24 de novembro de 2024

Quando os escravocratas clamam por liberdade

Por Jair de Souza*

Diz o velho ditado popular: “é viver para ver”.

E nós que estamos vivos, em pleno Brasil do ano 2024, temos fundadas razões para estarmos estupefatos com o que anda ocorrendo.

É que, por mais que aspirássemos a acrescentar muitíssimos outros anos a nossas vidas, jamais imaginaríamos que chegaríamos a ver o que estamos vendo.

Porém, o que seria capaz de causar ainda mais espanto em quem já anda contemplando tantas coisas estapafúrdias nos últimos tempos?

É inegável que tem sido uma constante o aflorar de cenas tão incrivelmente contraditórias como a de presenciarmos cruéis pregadores do ódio e da maldade arvorando-se como representantes de Jesus, e não como serviçais do diabo.

Como não se sentir desnorteado por comprovar que nossos “heróis” no combate à corrupção deram mostras de serem na verdade os mais inveterados praticantes da mais abjeta corrupção.

Ou não foi com base nos argumentos de combate à corrupção que a quadrilha da Lava-Jato destruiu boa parte da infraestrutura produtiva do país e desviou bilhões de reais de recursos públicos para uso privado?

O que nos incomodaria ainda mais do que o fato de que, vira e mexe, ficamos sabendo que certas pessoas são perseguidas, criminalizadas e tachadas como antissemitas por iniciativas de instituições e pessoas vinculadas à ideologia mais racista e supremacista dos dias de hoje?

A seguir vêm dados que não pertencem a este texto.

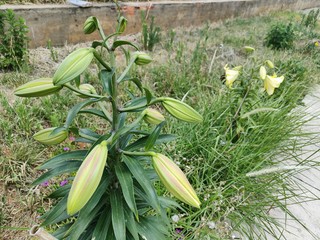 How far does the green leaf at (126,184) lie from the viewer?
2.67 feet

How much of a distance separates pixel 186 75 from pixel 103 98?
2201 millimetres

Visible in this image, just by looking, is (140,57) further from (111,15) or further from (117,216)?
(111,15)

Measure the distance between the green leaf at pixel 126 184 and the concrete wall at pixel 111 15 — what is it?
8.20ft

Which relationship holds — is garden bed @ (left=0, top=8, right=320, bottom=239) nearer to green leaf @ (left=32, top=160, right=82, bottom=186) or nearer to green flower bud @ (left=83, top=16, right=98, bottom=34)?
green leaf @ (left=32, top=160, right=82, bottom=186)

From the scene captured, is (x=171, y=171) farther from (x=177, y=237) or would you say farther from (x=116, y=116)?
(x=177, y=237)

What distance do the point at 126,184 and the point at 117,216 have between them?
0.49ft

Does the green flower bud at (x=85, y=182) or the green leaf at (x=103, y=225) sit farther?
the green leaf at (x=103, y=225)

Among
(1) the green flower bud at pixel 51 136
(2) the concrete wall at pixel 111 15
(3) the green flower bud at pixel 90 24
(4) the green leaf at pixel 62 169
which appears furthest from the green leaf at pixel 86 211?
(2) the concrete wall at pixel 111 15

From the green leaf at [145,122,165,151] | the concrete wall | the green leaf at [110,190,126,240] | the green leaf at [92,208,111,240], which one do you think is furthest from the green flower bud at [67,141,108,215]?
the concrete wall

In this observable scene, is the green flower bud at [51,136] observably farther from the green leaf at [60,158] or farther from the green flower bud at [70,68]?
the green flower bud at [70,68]

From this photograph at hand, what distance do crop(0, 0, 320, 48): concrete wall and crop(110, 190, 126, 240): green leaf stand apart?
2462mm

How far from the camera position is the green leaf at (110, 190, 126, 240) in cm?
91

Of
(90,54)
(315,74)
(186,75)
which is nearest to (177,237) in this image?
(90,54)

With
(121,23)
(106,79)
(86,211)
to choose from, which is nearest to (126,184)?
(86,211) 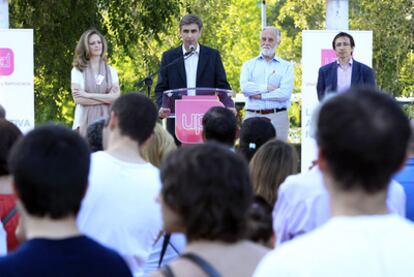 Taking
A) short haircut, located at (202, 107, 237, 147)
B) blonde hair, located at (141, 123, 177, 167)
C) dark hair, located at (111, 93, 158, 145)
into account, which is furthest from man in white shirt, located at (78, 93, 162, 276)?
short haircut, located at (202, 107, 237, 147)

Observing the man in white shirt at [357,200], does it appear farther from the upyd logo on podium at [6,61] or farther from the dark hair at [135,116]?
the upyd logo on podium at [6,61]

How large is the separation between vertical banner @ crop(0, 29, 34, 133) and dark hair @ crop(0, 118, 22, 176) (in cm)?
747

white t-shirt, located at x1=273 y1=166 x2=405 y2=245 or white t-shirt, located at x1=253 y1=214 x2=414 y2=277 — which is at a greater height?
white t-shirt, located at x1=253 y1=214 x2=414 y2=277

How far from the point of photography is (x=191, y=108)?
30.6 ft

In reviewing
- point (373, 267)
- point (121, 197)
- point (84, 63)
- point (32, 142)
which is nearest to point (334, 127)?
point (373, 267)

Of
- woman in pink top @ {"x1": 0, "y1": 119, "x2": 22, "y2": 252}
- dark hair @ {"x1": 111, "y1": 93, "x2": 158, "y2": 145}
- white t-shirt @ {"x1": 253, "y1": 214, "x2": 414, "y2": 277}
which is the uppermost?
dark hair @ {"x1": 111, "y1": 93, "x2": 158, "y2": 145}

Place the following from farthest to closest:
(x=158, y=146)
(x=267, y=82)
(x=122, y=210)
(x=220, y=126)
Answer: (x=267, y=82) → (x=220, y=126) → (x=158, y=146) → (x=122, y=210)

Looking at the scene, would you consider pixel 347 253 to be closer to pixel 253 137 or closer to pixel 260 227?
pixel 260 227

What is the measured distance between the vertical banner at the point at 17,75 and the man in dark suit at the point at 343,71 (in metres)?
3.86

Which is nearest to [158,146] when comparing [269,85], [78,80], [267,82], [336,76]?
[78,80]

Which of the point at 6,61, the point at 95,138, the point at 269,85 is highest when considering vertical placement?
the point at 6,61

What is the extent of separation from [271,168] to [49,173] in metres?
2.33

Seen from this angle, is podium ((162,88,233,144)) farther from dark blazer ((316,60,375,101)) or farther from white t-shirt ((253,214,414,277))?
white t-shirt ((253,214,414,277))

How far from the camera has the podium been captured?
9.30 metres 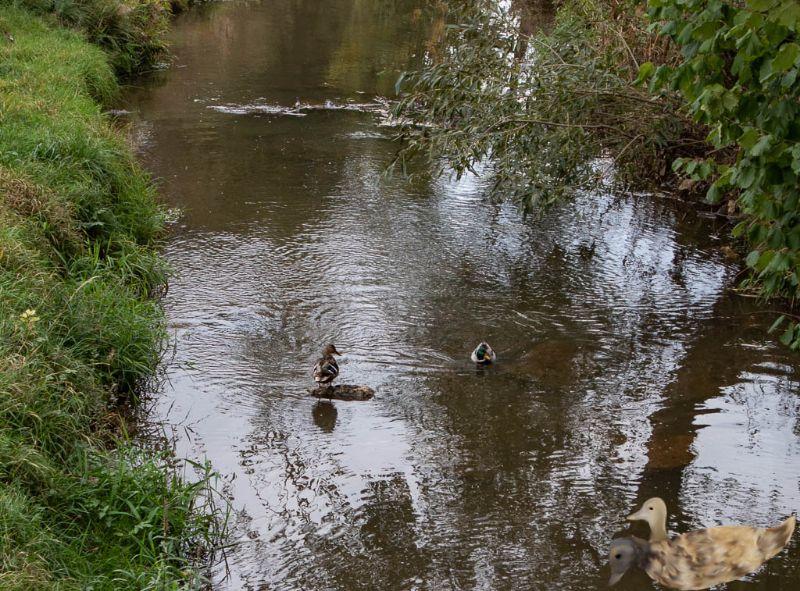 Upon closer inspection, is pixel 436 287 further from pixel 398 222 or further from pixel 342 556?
pixel 342 556

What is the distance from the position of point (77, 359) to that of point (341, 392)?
2.20 meters

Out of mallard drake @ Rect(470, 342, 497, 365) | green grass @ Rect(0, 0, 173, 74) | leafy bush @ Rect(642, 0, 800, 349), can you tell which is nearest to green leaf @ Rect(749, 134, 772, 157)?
leafy bush @ Rect(642, 0, 800, 349)

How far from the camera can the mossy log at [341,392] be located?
781 cm

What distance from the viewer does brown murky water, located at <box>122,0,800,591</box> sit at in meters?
6.14

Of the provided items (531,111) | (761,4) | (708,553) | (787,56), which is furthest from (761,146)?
(531,111)

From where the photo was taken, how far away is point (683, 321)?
973 cm

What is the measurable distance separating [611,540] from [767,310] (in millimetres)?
4912

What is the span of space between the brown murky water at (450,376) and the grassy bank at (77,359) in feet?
1.63

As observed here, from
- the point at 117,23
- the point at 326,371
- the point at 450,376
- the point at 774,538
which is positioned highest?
the point at 117,23

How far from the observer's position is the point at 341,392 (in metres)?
7.80

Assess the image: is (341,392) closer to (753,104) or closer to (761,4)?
(753,104)

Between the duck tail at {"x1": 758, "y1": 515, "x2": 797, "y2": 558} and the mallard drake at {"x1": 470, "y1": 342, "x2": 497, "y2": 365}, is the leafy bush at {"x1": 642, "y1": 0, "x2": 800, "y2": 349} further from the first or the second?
the mallard drake at {"x1": 470, "y1": 342, "x2": 497, "y2": 365}

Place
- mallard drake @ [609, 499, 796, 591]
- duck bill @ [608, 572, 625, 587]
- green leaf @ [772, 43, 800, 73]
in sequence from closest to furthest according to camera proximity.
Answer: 1. green leaf @ [772, 43, 800, 73]
2. mallard drake @ [609, 499, 796, 591]
3. duck bill @ [608, 572, 625, 587]

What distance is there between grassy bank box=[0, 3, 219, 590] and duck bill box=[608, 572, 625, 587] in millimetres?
2634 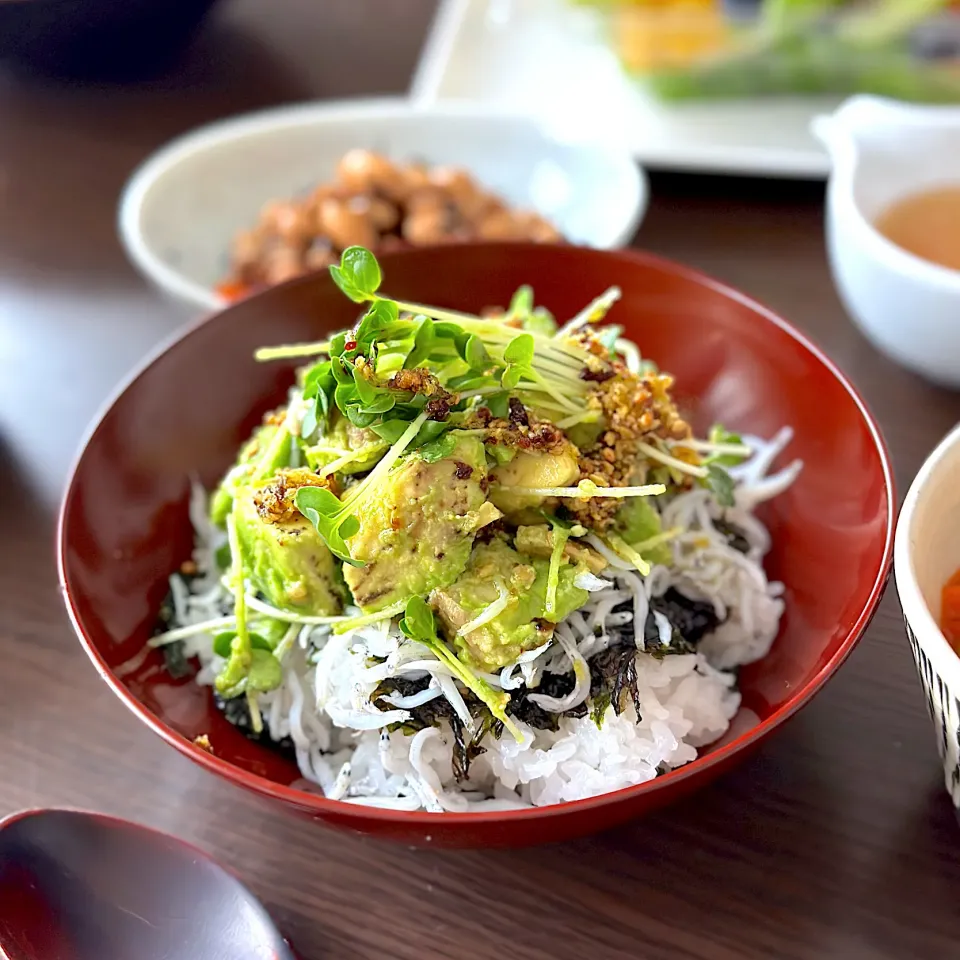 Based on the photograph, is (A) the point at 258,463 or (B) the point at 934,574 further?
(A) the point at 258,463

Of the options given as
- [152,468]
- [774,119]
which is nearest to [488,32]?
[774,119]

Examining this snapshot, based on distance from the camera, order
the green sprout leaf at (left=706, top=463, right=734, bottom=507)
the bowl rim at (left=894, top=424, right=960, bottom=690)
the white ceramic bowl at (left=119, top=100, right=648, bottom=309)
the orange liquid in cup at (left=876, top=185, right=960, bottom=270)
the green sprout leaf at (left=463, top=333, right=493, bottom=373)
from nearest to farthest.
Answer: the bowl rim at (left=894, top=424, right=960, bottom=690), the green sprout leaf at (left=463, top=333, right=493, bottom=373), the green sprout leaf at (left=706, top=463, right=734, bottom=507), the orange liquid in cup at (left=876, top=185, right=960, bottom=270), the white ceramic bowl at (left=119, top=100, right=648, bottom=309)

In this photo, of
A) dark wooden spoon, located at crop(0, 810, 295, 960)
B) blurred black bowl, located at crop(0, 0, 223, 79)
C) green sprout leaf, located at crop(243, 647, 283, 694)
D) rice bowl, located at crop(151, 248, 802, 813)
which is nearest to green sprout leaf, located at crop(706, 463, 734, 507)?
rice bowl, located at crop(151, 248, 802, 813)

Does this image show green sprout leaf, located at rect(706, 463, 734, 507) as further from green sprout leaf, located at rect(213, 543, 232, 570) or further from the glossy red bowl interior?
green sprout leaf, located at rect(213, 543, 232, 570)

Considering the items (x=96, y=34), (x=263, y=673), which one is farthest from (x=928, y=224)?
(x=96, y=34)

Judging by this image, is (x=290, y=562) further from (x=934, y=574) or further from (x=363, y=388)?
(x=934, y=574)

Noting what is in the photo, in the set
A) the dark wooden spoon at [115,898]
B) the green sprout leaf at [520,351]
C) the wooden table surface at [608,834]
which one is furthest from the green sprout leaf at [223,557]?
the green sprout leaf at [520,351] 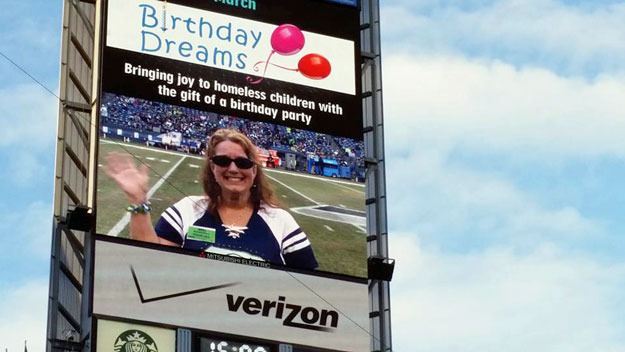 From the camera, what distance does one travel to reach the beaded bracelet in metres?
49.8

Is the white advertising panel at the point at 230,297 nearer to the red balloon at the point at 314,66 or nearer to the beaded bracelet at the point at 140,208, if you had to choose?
the beaded bracelet at the point at 140,208

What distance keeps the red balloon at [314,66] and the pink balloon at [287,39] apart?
365mm

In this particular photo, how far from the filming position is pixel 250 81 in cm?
5334

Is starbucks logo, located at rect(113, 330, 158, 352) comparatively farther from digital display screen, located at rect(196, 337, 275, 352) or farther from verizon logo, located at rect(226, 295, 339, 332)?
verizon logo, located at rect(226, 295, 339, 332)

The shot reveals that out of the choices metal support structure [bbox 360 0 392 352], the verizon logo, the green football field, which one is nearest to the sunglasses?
the green football field

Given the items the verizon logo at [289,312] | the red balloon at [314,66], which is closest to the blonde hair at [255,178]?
the verizon logo at [289,312]

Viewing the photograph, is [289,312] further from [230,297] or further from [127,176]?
[127,176]

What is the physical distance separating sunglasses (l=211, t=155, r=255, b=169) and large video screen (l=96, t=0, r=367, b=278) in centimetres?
4

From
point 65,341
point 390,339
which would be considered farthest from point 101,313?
point 390,339

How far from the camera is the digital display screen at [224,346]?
162 ft

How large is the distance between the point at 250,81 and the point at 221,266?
5.63 meters

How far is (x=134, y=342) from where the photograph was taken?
48.5m

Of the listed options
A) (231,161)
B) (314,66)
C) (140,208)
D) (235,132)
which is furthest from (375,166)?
(140,208)

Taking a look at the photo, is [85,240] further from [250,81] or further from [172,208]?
[250,81] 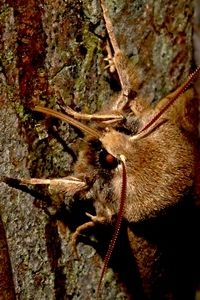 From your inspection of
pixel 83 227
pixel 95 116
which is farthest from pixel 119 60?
pixel 83 227

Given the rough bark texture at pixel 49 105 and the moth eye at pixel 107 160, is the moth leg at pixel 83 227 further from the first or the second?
the moth eye at pixel 107 160

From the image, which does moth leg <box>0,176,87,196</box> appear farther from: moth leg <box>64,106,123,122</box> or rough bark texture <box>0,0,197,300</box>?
moth leg <box>64,106,123,122</box>

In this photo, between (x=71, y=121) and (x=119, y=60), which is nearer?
(x=71, y=121)

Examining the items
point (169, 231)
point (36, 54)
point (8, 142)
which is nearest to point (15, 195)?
point (8, 142)

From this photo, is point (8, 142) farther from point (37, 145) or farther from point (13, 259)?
point (13, 259)

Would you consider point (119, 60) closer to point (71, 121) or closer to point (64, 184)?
point (71, 121)

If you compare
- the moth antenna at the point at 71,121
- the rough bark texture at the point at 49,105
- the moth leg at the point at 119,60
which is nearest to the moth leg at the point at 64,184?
the rough bark texture at the point at 49,105

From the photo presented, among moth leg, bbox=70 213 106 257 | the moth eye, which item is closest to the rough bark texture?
moth leg, bbox=70 213 106 257

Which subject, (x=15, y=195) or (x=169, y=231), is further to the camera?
(x=169, y=231) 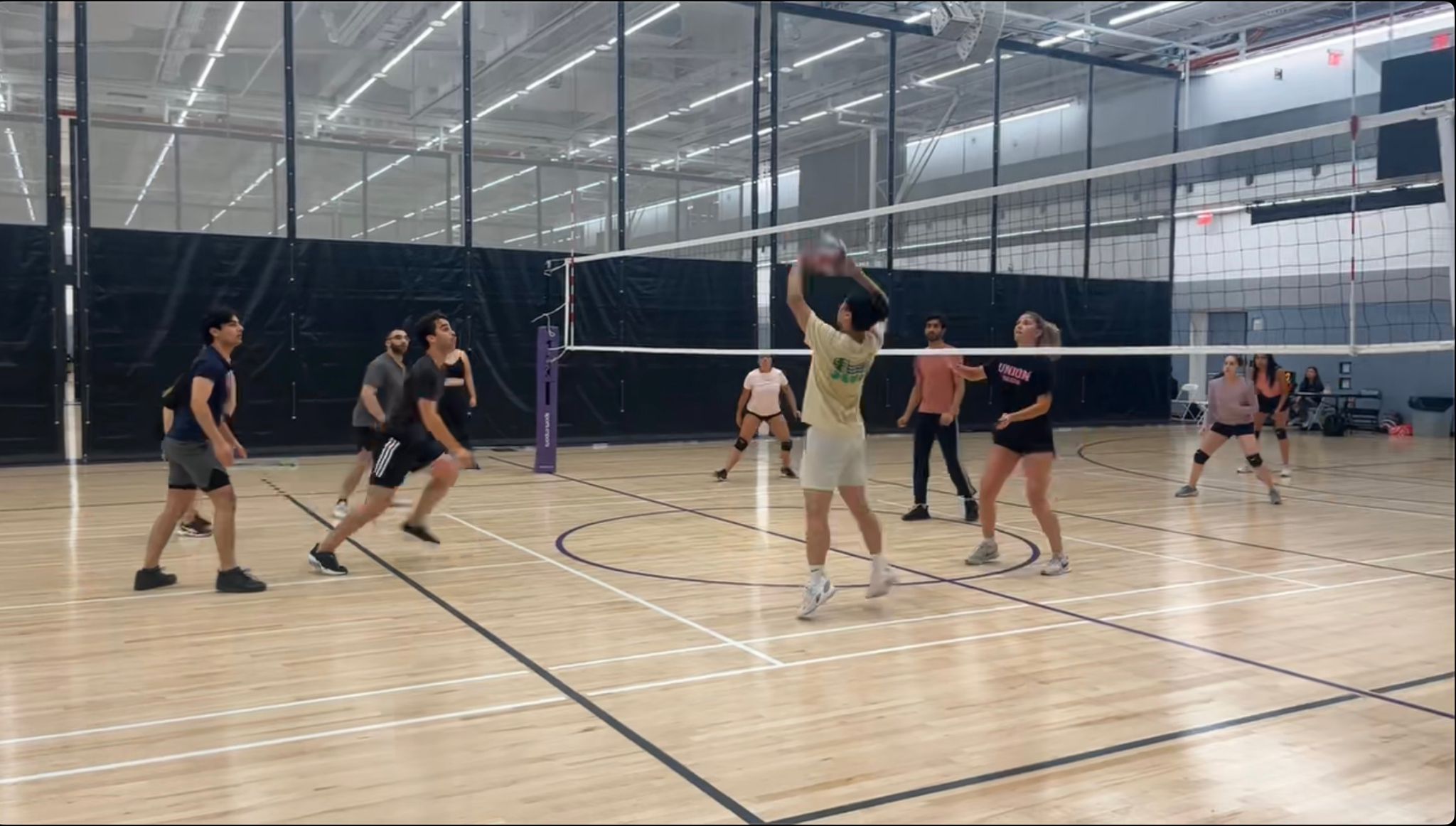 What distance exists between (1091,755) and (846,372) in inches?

Ou seja, basta alguém levantar a voz contra o sionismo e o monstruoso genocídio que o Estado de Israel está cometendo contra o povo palestino para “merecer” que os sionistas o incluam na categoria de antissemitas.

De igual maneira, é estarrecedor constatar como os maiores entreguistas da pátria gostam de posar de gloriosos patriotas.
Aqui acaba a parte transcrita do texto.